>>>

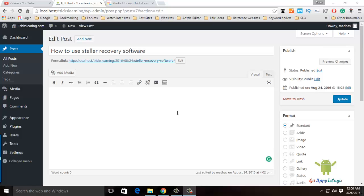Hey guys, Madhu here. This is the first time I'm going to show you a bunch of audio files. Once you create a playlist, you can click on the post.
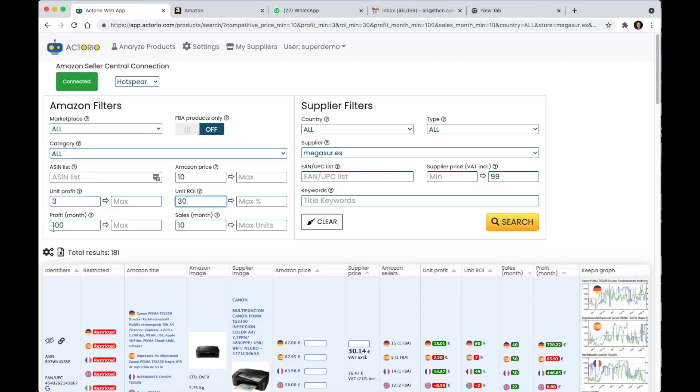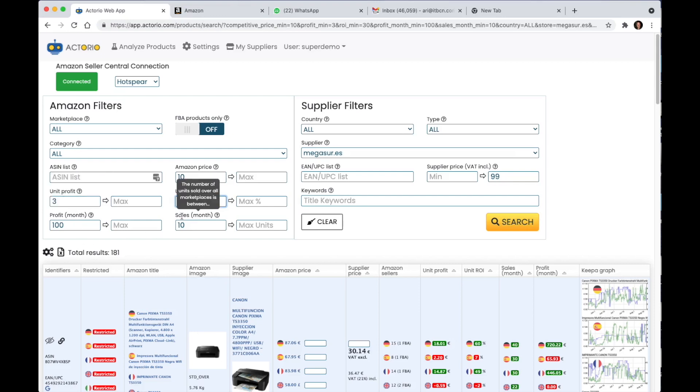The profit per month which I left at 100. This is the total profit if sold on all selected marketplaces between the values that I selected and the number of units sold per month.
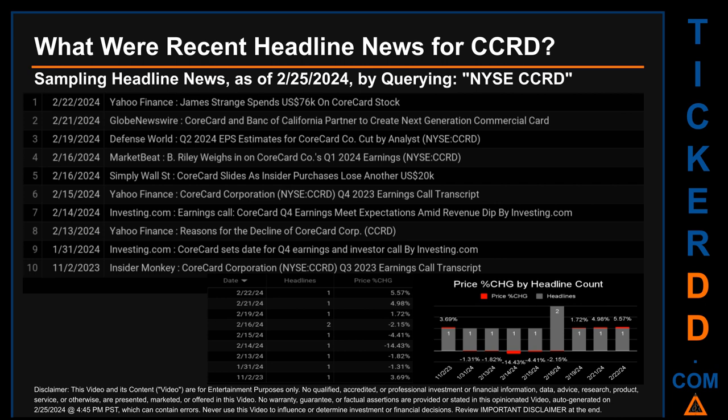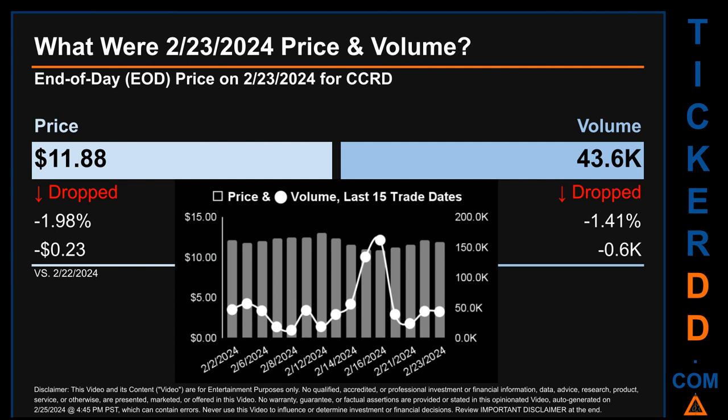Friday, February 16th, 2024 had the most headlines — two discovered. Globe Newswire published: 'Core Card and Bank of California Partner to Create Next Generation Commercial Card.' MarketBeat published: 'B. Riley Weighs in on Core Card Co's Q1 2024 Earnings.' Simply Wall Street published: 'Core Card Slides as Insider Purchases Lose Another $20,000 USD.' The latest publication date of Thursday, February 22nd, 2024 saw a price jump of 5.57%. Wednesday, February 14th, 2024 saw the highest intraday percentage change — a drop of minus 14.43%, opening at $13.58 and closing at $11.62, with Investing.com publishing: 'Earnings Call: Core Card Q4 Earnings Meet Expectations Amid Revenue Dip.'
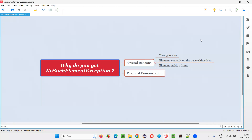Hello all, welcome to this session. In this session, I am going to answer one of the Selenium interview questions. That is, why do you get NoSuchElementException in Selenium automation? Let me answer. There are several reasons for getting NoSuchElementException during Selenium automation.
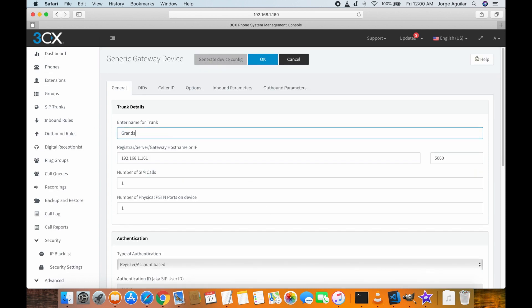I got this ATA from Amazon and the link is in the description below in case you want to buy it.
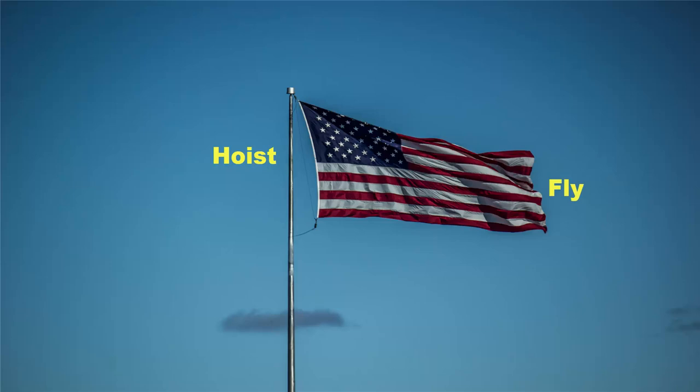As most of the flags are rectangular, the length of fly generally exceeds hoist. The main portion of the flag, all or most of its area, is called the field or ground. The pole to which the flag is attached is mostly called flagpole, flagstaff, or mast.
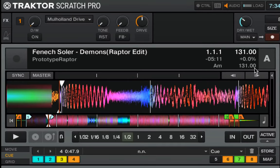Hi, this is Sam Botstein for TractorSkills.com. Make sure to subscribe to us on YouTube for all of our Tractor tutorials and check us out at TractorSkills.com. In today's tutorial we're going to take a little bit of a look at the cue section of the track decks in Traktor Scratch Pro 2.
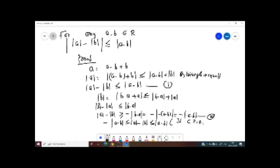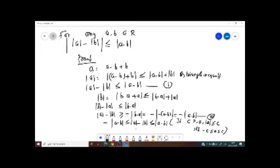If and only if negative c is less than or equal to x and x is less than or equal to c, with c greater than 0, then absolute value of x is less than or equal to c. Since absolute value is always greater than or equal to 0, this gives us the result: absolute value of a minus b is less than or equal to absolute value of a minus b.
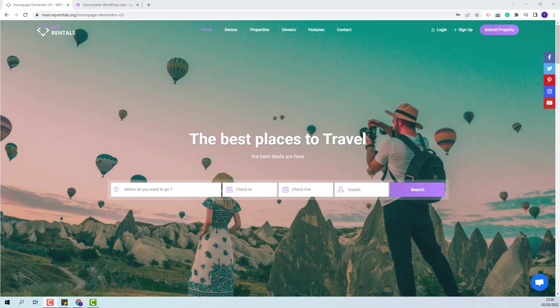Hi, I'm Roxana from VP Estate and in this video I will show how to manage the listing categories in VP Rentals theme. There will be many details to explain, so this topic will have two videos.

<<<

Aim of the task: Apart from the images, every line above is to be given again exactly.

Written response:
Hey guys, Madhu here. This is the first time I'm going to show you a bunch of audio files. Once you create a playlist, you can click on the post.
The profit per month which I left at 100. This is the total profit if sold on all selected marketplaces between the values that I selected and the number of units sold per month.
Friday, February 16th, 2024 had the most headlines — two discovered. Globe Newswire published: 'Core Card and Bank of California Partner to Create Next Generation Commercial Card.' MarketBeat published: 'B. Riley Weighs in on Core Card Co's Q1 2024 Earnings.' Simply Wall Street published: 'Core Card Slides as Insider Purchases Lose Another $20,000 USD.' The latest publication date of Thursday, February 22nd, 2024 saw a price jump of 5.57%. Wednesday, February 14th, 2024 saw the highest intraday percentage change — a drop of minus 14.43%, opening at $13.58 and closing at $11.62, with Investing.com publishing: 'Earnings Call: Core Card Q4 Earnings Meet Expectations Amid Revenue Dip.'
Hello all, welcome to this session. In this session, I am going to answer one of the Selenium interview questions. That is, why do you get NoSuchElementException in Selenium automation? Let me answer. There are several reasons for getting NoSuchElementException during Selenium automation.
I got this ATA from Amazon and the link is in the description below in case you want to buy it.
As most of the flags are rectangular, the length of fly generally exceeds hoist. The main portion of the flag, all or most of its area, is called the field or ground. The pole to which the flag is attached is mostly called flagpole, flagstaff, or mast.
Hi, this is Sam Botstein for TractorSkills.com. Make sure to subscribe to us on YouTube for all of our Tractor tutorials and check us out at TractorSkills.com. In today's tutorial we're going to take a little bit of a look at the cue section of the track decks in Traktor Scratch Pro 2.
If and only if negative c is less than or equal to x and x is less than or equal to c, with c greater than 0, then absolute value of x is less than or equal to c. Since absolute value is always greater than or equal to 0, this gives us the result: absolute value of a minus b is less than or equal to absolute value of a minus b.
Hi, I'm Roxana from VP Estate and in this video I will show how to manage the listing categories in VP Rentals theme. There will be many details to explain, so this topic will have two videos.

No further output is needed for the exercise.